In the Rathman Case this court had occasion to examine with some care the authorities upon the question what claimants are adverse claimants, who are entitled to an opportunity to prosecute or defend their claims in a plenary suit, and it endeavored to state the rules
There was a motion to dismiss the petition to revise the order to pay over the money, on the ground that the Stone Company was a stranger to the bankruptcy proceeding, and that a stranger may not maintain a petition to revise an order made in such a proceeding; but, while the Stone Company was a stranger to the bankruptcy proceeding until the trustee, by the petition he filed and the order to show cause he secured, brought it into the court below, and on that petition and order obtained the order on it to pay over the money it had collected, it was not a stranger to that order, nor to the petition and order to show cause on which it was based, and it had a right to a review of the questions of law they presented by a petition to revise.
Another ground of the motion was that the order of the court on the petition for the order to show cause was in effect a finding that the money was the property of the bankrupt estate.
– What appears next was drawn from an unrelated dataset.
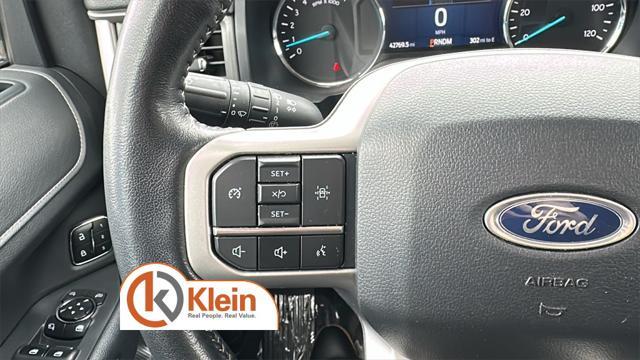 used 2023 Ford Expedition car, priced at $43,850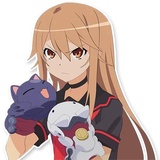 Madi Anime WhatsApp Sticker #25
But there was no such express finding, and the petition alleges the levy eight days before the petition was filed, and other facts which present the questions of law which have been considered.
The petition to revise is well founded, and the order that the Stone Company pay over to the trustee the $211.93 and interest and the costs on the hearing below must be set aside and annulled; and it is so ordered.